Perhaps the Nationalist Party post-mortem window has now expired. It’s been two weeks since their demise and defeat at the polls and there have already been a substantial number of autopsies on the March 9 election which saw Labour return to power with an unprecedented 55 per cent majority, an abundance of nine parliamentary seats and a surplus of 37,000 votes to play with.

The old Malta of red versus blue, us versus them,
is out, hopefully never to return

I’m not sure I will be telling you anything you don’t already know. It’s gotten a bit old now and I run the risk of overstretching the point and sounding like a broken record, or more appropriately, like someone who is still wishing you a happy new year well into March.

And yet the magnitude of the victory and what it signifies is too big an elephant to ignore. Apparently, even for PN party insiders who could no longer hold it in, and who uncharacteristically – and somewhat belatedly – lashed out and gave vent to the numerous reasons they pinned to the disastrous beating.

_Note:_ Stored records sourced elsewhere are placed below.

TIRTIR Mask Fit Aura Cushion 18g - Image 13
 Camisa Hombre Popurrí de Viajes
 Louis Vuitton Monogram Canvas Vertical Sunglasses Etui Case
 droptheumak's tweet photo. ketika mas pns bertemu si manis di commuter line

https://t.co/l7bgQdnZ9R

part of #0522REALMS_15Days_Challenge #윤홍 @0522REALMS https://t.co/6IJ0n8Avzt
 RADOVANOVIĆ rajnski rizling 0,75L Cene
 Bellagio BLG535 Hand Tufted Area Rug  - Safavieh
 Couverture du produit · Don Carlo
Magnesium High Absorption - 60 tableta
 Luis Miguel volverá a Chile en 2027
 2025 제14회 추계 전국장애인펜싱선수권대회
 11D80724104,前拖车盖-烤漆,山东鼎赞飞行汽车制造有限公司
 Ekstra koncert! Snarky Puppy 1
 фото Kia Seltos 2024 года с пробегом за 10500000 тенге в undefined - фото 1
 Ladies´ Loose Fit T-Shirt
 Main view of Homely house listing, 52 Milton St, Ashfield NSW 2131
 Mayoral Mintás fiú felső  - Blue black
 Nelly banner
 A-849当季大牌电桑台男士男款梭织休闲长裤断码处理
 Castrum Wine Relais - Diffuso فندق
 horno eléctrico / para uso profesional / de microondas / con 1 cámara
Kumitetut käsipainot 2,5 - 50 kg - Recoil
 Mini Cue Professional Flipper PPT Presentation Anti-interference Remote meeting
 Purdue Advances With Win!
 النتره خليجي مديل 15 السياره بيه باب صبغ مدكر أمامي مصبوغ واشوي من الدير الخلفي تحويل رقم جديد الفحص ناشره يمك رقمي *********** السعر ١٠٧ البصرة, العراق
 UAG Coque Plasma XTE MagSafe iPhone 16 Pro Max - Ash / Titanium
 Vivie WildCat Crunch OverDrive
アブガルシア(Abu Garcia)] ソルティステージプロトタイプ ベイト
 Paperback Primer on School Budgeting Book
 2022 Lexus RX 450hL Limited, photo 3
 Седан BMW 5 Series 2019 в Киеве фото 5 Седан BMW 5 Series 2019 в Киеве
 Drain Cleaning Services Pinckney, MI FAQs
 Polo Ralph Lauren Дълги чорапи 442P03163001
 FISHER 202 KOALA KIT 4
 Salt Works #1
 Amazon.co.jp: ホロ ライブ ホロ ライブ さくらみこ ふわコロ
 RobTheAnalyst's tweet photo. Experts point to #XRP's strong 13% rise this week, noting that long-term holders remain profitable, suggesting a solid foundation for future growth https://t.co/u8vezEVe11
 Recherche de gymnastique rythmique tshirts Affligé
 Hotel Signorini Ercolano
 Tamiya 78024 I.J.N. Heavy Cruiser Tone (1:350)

While some attributed their fall from grace to the stream of political invective directed at Labour, especially from vituperative columnists, bloggers and the not-so-impartial media, others put it down to last-minute theatrics and the ever-increasing electrics which had long been a thorn in the nation’s backside.

Austin’s Arriva and unaccountability was another major contender in the blame game; as was the €500 honoraria and the way the PN completely mishandled the divorce referendum and came across as a bunch of stuffy, narrow-minded, hypocritical old men who were completely out of step with the country.

And, of course, Franco Debono’s evil clique were always lurking somewhere not so far off in the distance, to remind the voter that here was a party far more concerned and caught up with fighting its own internal battles, minimising the collateral damage and looking out for its privileged posse.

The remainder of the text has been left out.